§ **Work required**: Look below for the lines from the one with "GAMESIR Vx Air" to the one with "LAMPHOLDER -SCREW (E40)", and copy exactly those lines, both ends included.

§ **The data**:
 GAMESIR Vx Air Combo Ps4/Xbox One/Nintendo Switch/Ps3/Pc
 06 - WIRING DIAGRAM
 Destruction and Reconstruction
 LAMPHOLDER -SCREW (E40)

* * *

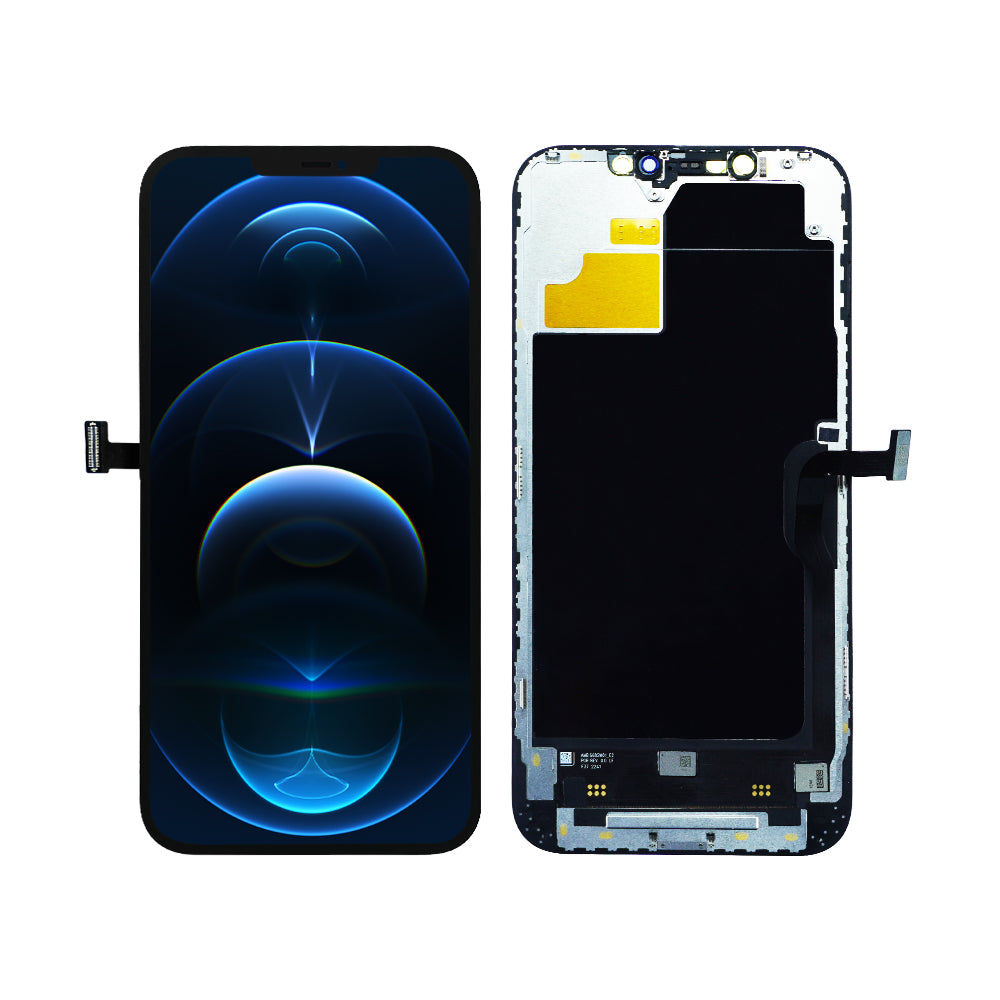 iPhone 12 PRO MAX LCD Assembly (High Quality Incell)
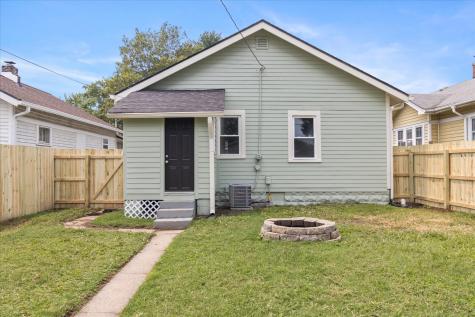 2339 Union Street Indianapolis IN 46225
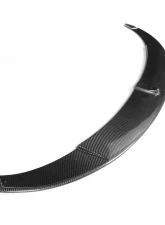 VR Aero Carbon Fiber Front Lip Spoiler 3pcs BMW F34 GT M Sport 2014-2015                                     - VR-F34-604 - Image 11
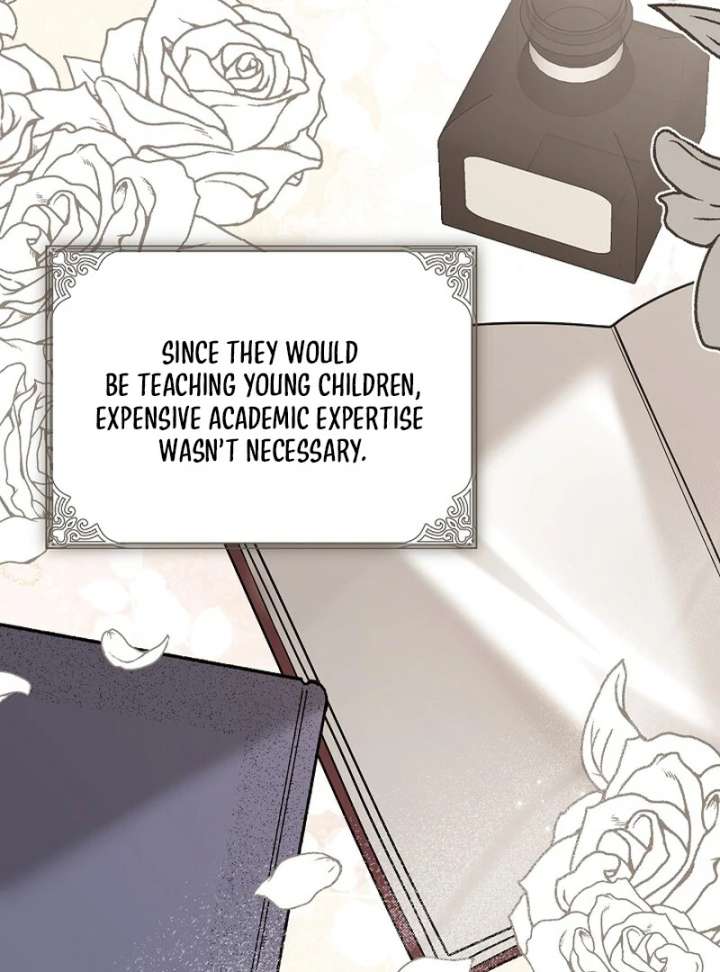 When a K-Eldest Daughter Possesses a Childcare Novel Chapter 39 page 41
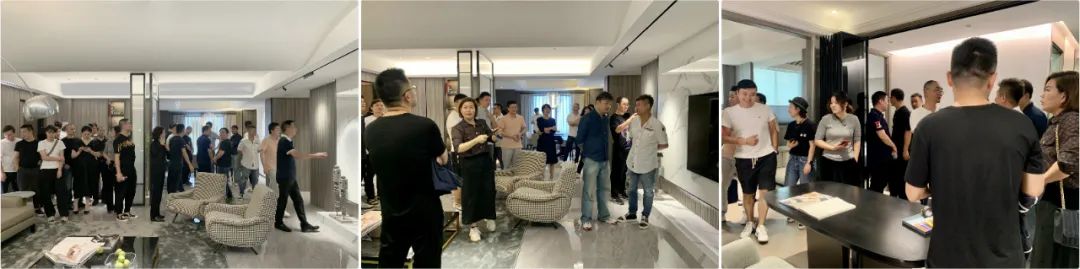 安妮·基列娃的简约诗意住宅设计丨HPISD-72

---

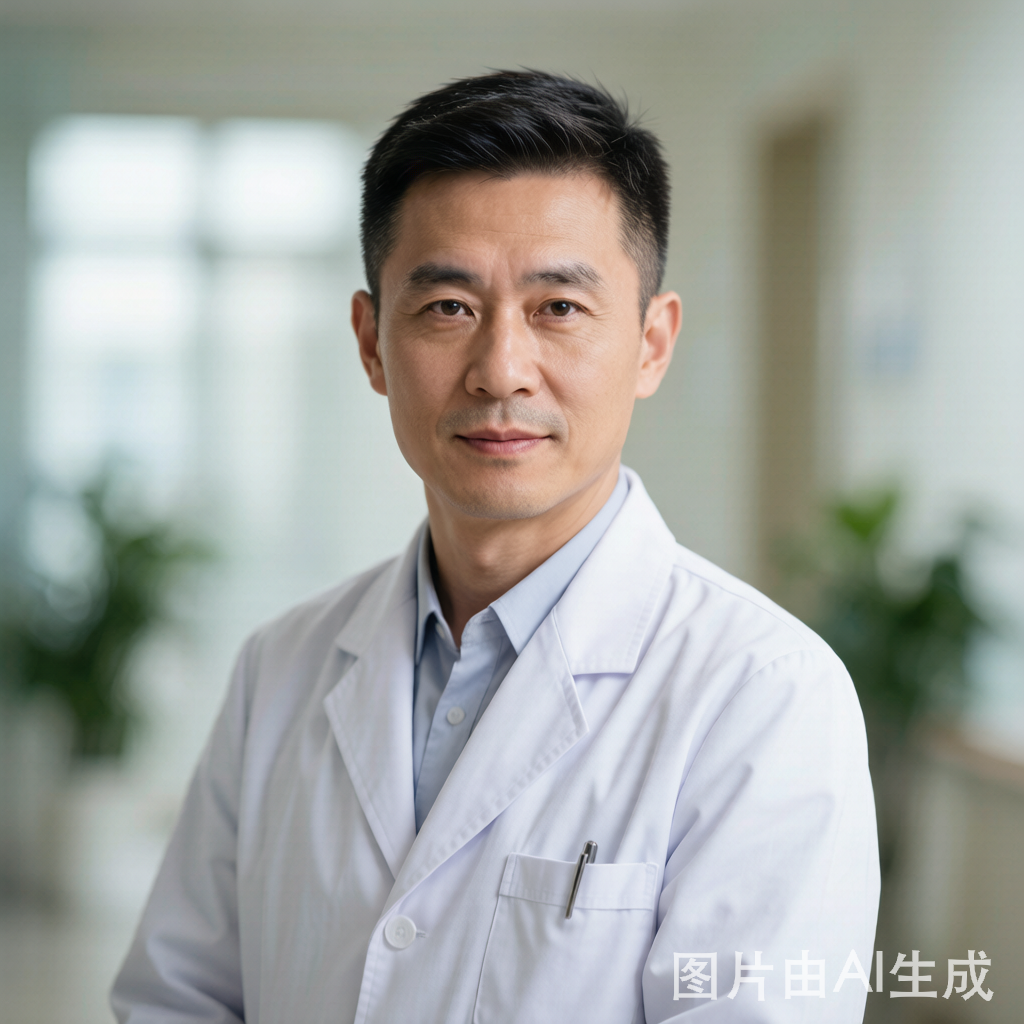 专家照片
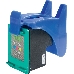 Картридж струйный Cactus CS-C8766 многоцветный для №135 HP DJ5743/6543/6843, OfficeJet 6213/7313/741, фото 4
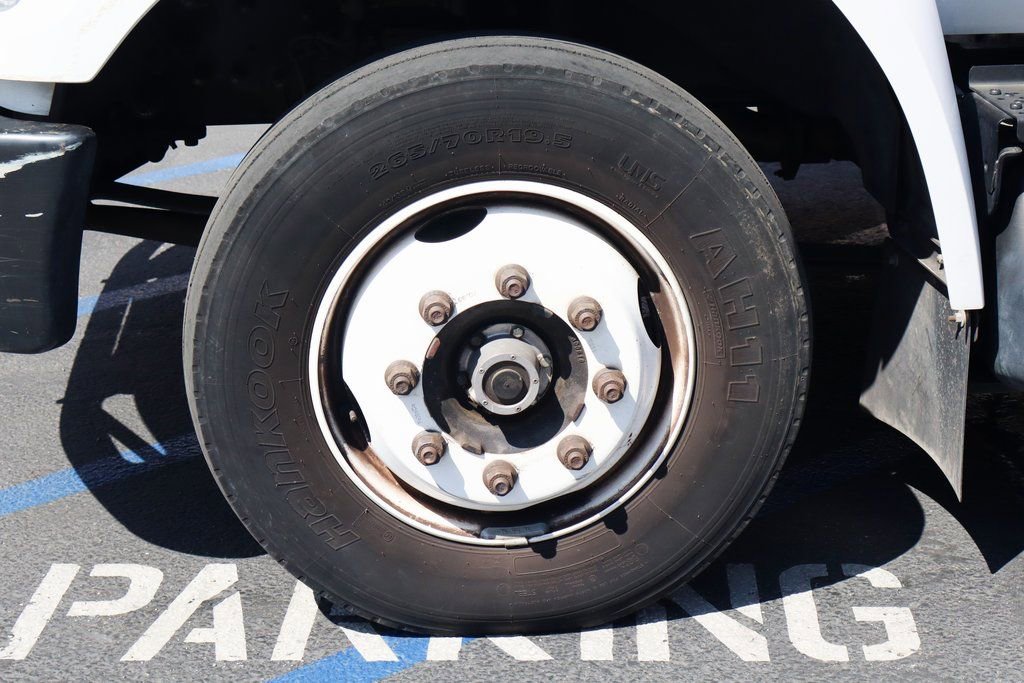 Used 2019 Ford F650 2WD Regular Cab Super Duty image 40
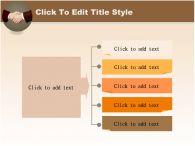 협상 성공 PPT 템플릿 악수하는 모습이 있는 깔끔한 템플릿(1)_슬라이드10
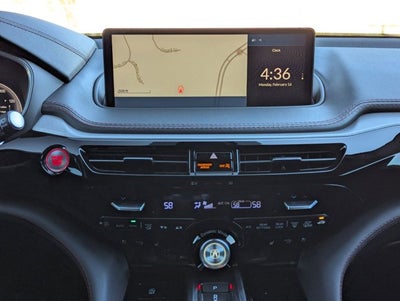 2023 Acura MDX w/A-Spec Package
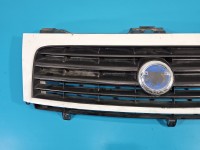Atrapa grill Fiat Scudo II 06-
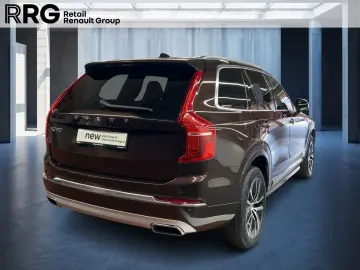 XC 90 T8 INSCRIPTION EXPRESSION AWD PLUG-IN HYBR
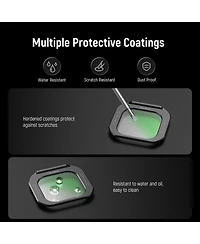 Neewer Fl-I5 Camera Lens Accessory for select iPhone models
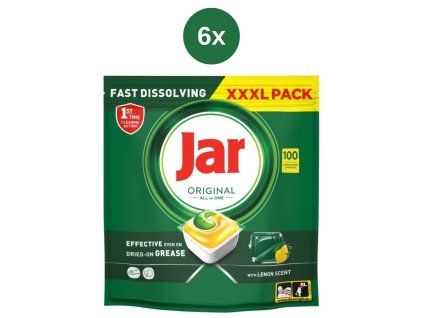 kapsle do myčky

§ **Completed task**:
 GAMESIR Vx Air Combo Ps4/Xbox One/Nintendo Switch/Ps3/Pc
 06 - WIRING DIAGRAM
 Destruction and Reconstruction
 LAMPHOLDER -SCREW (E40)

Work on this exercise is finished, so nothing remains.